Crown Books
- Type: Public
- Industry: Retail (Specialty)
- Founded: 1977
- Defunct: 2001
- Fate: Liquidation
- Headquarters: Prince George's County, Maryland, United States
- Number of locations: 18 (CA); 11 (IL); 10 (VA); 6 (MD); 1 (DC) in 2001
- Key people: Robert Haft
- Products: Books, Maps, CDs, DVDs, Calendars, Gift Packs, Magazines, Board games, Encyclopedias
- Parent: Dart Group (1977–1994)
- Website: Archived official website at the Wayback Machine (archived March 2, 2001)

= Crown Books =

Former bookseller based in Maryland, U.S.

Crown Books was a bookseller headquartered in Prince George's County, Maryland, with a Largo post office address. It was founded in the Washington, D.C., metro area by Robert Haft in 1977. Crown Books (retail) is of no relation to Crown Books (publisher), although the former carried inventory from the latter.

==Founding and growth==
Crown Books was founded in the Washington, D.C., metro area in 1977 by Robert Haft with money borrowed from his father, D.C. businessman Herbert Haft. The chain was organized under the umbrella of the Dart Group (not related to the current UK-based Dart Group), which also included Trak Auto, Shoppers Food Warehouse, Total Beverage, Dart Drug, and Combined Properties. Known for low prices, the chain gained fame in the 1980s and early 1990s for its clever advertising campaigns (such as Robert Haft sitting on large stacks of books with the caption "Books Cost Too Much, That's Why I Opened Crown Books. Now You'll Never Pay Full Price Again!") At the beginning, Crown Books day-to-day operations were managed by Jose Gonzales (Vice President of Operations) and Jeanne Herrick (Vice President of Merchandising). Once the decision was made to expand into other areas the dynamic of Mr. Gonzales & Ms. Herrick was replicated into the California market with the addition of Steve Young & Miriam Bass. Later Crown made the decision to enter the Chicago market and that entry was managed by Richard Lowe & Rhonda Branch.

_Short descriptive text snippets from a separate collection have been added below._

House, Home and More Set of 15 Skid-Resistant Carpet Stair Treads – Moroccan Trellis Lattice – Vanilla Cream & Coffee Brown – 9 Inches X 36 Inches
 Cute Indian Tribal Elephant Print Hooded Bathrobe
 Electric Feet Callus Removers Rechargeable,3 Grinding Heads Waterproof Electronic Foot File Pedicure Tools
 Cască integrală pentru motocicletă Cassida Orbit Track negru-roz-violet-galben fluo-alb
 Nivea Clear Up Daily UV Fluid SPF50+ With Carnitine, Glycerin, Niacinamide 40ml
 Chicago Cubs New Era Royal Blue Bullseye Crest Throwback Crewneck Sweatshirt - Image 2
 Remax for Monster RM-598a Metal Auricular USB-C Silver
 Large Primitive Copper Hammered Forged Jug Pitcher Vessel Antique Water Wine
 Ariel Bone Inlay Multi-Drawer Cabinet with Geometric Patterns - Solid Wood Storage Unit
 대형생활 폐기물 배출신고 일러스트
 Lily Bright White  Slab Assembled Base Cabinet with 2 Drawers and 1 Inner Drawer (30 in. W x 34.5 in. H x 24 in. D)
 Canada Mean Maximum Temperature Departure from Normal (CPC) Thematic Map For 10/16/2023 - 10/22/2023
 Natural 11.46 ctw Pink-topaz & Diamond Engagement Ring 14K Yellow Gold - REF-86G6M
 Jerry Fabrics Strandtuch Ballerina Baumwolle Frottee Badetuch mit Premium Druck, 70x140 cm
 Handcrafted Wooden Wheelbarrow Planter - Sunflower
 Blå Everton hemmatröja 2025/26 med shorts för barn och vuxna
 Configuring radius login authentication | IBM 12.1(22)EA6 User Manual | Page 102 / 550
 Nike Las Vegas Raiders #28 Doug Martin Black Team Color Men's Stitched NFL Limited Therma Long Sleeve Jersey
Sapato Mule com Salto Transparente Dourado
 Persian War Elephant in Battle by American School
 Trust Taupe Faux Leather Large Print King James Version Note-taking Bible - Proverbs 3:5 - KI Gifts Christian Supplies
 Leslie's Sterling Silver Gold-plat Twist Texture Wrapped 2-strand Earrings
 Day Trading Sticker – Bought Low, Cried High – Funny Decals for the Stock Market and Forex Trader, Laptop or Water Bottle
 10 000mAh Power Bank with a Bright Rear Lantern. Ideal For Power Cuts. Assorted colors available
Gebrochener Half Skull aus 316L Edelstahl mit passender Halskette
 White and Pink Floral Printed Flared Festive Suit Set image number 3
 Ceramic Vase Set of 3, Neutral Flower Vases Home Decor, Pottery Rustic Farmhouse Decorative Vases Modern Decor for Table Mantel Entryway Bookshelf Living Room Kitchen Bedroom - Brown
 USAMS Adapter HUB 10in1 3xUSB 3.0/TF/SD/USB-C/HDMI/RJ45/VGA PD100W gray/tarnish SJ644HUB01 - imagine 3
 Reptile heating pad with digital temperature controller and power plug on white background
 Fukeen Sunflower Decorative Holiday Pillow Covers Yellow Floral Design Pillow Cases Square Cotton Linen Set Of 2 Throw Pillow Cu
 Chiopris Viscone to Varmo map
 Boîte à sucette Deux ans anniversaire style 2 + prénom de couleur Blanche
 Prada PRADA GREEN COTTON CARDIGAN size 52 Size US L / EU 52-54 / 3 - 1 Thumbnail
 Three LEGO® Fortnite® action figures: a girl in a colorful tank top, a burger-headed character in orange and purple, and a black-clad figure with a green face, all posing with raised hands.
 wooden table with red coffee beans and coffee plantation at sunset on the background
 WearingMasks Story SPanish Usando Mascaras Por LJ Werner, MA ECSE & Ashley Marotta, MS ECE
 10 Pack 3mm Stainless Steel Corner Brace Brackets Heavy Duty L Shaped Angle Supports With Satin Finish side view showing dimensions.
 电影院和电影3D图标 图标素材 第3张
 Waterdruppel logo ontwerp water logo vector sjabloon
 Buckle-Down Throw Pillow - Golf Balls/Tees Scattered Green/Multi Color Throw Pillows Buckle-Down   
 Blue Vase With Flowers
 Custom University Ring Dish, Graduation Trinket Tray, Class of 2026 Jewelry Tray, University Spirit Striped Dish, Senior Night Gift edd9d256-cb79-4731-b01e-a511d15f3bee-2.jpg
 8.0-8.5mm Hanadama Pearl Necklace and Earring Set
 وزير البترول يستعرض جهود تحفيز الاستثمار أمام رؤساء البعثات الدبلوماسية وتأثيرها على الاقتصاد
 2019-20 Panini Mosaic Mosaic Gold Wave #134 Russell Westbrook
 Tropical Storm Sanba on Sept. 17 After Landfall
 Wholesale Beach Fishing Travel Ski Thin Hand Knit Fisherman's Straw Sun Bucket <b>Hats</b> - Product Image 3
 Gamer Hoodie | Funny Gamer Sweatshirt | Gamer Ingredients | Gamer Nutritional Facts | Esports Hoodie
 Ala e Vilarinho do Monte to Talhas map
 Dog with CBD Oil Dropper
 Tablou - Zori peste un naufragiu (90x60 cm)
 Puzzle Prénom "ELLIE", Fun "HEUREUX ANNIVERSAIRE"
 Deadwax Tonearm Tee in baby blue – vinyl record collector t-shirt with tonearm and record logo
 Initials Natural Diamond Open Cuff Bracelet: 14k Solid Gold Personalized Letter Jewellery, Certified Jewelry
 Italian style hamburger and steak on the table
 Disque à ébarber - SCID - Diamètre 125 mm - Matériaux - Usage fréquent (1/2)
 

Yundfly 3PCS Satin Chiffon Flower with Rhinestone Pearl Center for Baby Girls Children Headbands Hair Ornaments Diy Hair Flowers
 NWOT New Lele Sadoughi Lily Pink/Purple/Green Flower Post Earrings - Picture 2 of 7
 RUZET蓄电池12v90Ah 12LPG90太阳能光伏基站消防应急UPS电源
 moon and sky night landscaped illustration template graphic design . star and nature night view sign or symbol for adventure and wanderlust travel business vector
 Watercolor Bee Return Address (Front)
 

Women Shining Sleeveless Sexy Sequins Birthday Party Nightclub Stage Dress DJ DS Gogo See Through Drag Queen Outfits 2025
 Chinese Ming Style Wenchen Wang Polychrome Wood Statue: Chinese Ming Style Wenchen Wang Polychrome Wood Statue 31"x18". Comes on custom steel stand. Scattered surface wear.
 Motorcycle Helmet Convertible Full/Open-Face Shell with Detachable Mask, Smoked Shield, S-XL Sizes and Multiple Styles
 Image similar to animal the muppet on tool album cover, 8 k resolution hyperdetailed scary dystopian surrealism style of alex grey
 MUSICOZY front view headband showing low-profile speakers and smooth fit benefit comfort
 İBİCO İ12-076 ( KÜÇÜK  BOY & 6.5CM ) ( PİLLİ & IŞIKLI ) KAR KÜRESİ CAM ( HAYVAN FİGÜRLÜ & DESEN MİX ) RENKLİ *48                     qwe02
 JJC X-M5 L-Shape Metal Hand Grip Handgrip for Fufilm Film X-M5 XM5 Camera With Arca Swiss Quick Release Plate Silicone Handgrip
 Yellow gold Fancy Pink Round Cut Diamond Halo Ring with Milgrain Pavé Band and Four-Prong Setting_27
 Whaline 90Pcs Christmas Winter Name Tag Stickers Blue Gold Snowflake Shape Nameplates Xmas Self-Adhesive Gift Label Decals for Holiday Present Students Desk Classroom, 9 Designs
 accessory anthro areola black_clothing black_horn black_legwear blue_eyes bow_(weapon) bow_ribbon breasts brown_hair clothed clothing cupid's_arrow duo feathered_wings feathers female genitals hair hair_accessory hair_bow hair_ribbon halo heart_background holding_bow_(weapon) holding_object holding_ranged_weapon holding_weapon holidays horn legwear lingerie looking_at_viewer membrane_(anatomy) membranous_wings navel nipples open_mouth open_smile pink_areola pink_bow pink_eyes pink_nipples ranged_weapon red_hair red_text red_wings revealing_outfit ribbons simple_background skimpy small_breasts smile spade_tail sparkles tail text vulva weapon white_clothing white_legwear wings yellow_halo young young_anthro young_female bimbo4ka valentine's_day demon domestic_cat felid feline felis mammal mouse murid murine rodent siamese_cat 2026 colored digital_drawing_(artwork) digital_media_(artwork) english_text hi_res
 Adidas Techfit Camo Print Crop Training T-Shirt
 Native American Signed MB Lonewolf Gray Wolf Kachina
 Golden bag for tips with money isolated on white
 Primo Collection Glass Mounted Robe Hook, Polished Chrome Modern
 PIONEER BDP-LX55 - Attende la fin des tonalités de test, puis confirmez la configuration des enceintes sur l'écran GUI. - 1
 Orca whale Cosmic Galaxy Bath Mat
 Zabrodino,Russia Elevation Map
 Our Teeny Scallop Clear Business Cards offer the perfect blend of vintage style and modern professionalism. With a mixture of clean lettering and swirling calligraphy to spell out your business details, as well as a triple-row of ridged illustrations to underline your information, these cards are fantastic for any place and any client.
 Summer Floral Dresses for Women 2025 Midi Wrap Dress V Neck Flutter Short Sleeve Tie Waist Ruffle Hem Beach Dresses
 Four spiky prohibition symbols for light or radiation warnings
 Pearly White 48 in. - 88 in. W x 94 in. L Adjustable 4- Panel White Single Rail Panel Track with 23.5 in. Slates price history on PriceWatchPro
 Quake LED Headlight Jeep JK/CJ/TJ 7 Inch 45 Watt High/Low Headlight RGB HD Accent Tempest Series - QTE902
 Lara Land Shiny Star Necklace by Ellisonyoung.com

Crown Books grew rapidly, from its single store in 1977 to a regional chain of 196 stores at its height in 1993, close on the heels of Borders and poised to become the nation's second-largest book chain. While Classic Crown Books stores, which afforded customers between 2,000 and 3000 sqft of book selection, had been the backbone of the company since its founding in 1977, they were gradually phased out in favor of the larger, more competitive, superstore format adopted by the company in 1990. Stocking up to 80,000 titles—10 times the number carried in Classic Crown stores—Super Crown Books locations supplemented the Classic Crown holdings with a large line of greeting cards, games, computer software, and an assortment of gift items. Each superstore provided between 12,000 and 35000 sqft of retail space.
Robert Haft showed great foresight in planning Crown Software in 1986, but his side projects made him late to the superstore scene which competitors Barnes & Noble and Borders had begun.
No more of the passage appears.